Enthusiasm is contagious.

This is a story about an architect and his house.  He had a dream of going back to his previous home full of memories someday.

This wooden house was built in 1942 in Kami-Osaki, Tokyo.
Its timeless beauty won’t surprise you even you are told that the house was built recently.

This was the home of Kunio Maekawa. He is an architect who studied under Le Corbusier in France and came back to Japan. The house was built when he was at the age of 37.
It is a very modern design for prewar Japanese architecture.

Amazingly, this sophisticated Western-style home with some Japanese-ness such as the gabled roof and Shoji sliding door was created under the lack of materials and the land restrictions in the total floor area of 30 tsubos (99.17㎡).

The pillars that penetrate the central window are said to be reused electric poles due to the lack of building materials back then.

The house stood between the two yards. There are two bedrooms, a living/dining room called a “salon,” a study on the mezzanine floor, a kitchen, a toilet, and a housekeeper’s room.

At night, Maekawa would enjoy music on his favorite record player at the salon.
It definitely wasn’t just building a house, he created his ideal lifestyle in his dear home.


In 1945, his office in Ginza got destroyed by the air raid. So his house was used as an office for nine years after that. The salon was filled with drafting boards.

Maekawa got married and the house became lively with many people all the time. In these nine years, Maekawa’s masterpieces such as Kanagawa Music Hall was born.

After they moved to the new office, Maekawa planned to rebuild his home with concrete in 1973.
Maekawa had a dream of reassembling this wooden structure house again someday.  So he disassembled them and stored those lumbers in the storage room of his private villa in Karuizawa. Maybe, he was planning to spend his time after retirement, looking back on his own life.

Unfortunately, Maekawa passed away before his dream to reconstruct this house comes true.
The lumbers were left unattended for years.

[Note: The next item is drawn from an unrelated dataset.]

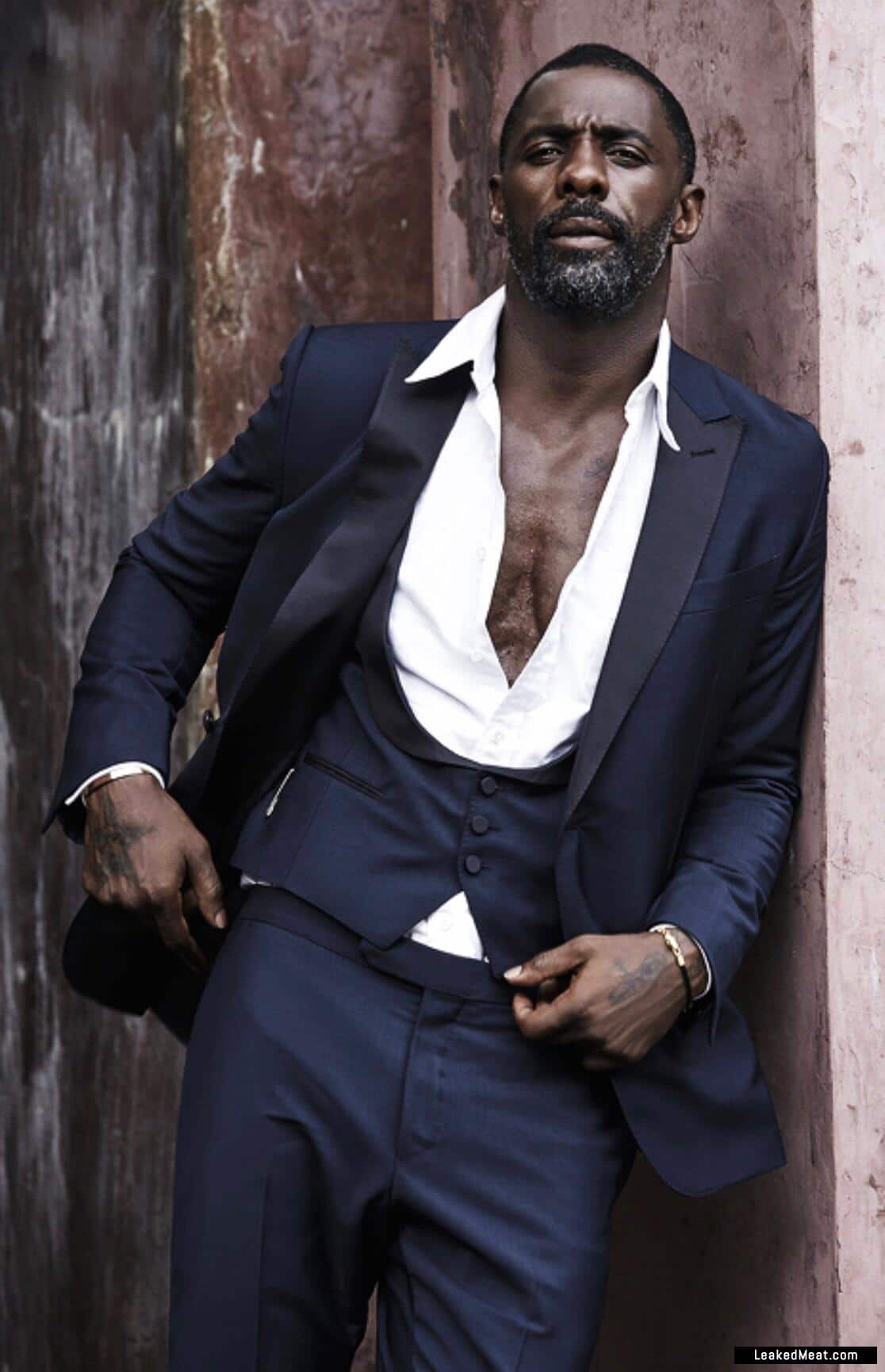 Idris Elba fappening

In 1994, an offer to reassemble this house as an exhibit at the Edo-Tokyo Open-air Museum,
operated by Metropolitan Tokyo Government, came from its director and an architectural historian Terunobu Fujimori.

The staff and apprentices at the Maekawa Office played active roles in this project.
While tracing the memory of the former staff who knew when Maekawa’s house was an office, they took over the master’s will and restore the shape at the time of construction, including interior design. It was rebuilt with the hint of the relationship that each person had cultivated with Maekawa, imaging how their master might have liked. 

On the museum premise, they selected space with an elm tree, which is Maekawa’s favorite tree,  in the garden,  just like the original site. 

Even without Maekawa, the house was reconstructed as perfectly as before.



Maekawa’s dream to reconstruct the original house in Karuizawa did not come true.
However, by cherishing Maekawa’s memory, the house was reborn as a new role as a masterpiece that people can appreciate.

The staff of the Maekawa Office did not accept any offers of conveyance for a long time.  This episode tells how much this house means to each member of the Maekawa Office.

This house was designed and used by an owner who knows the richness in life and then inherited by people who appreciate its value and take good care of it.
It can be said that Maekawa’s house is a happy architecture continuing to provide a great influence on the people after 80years.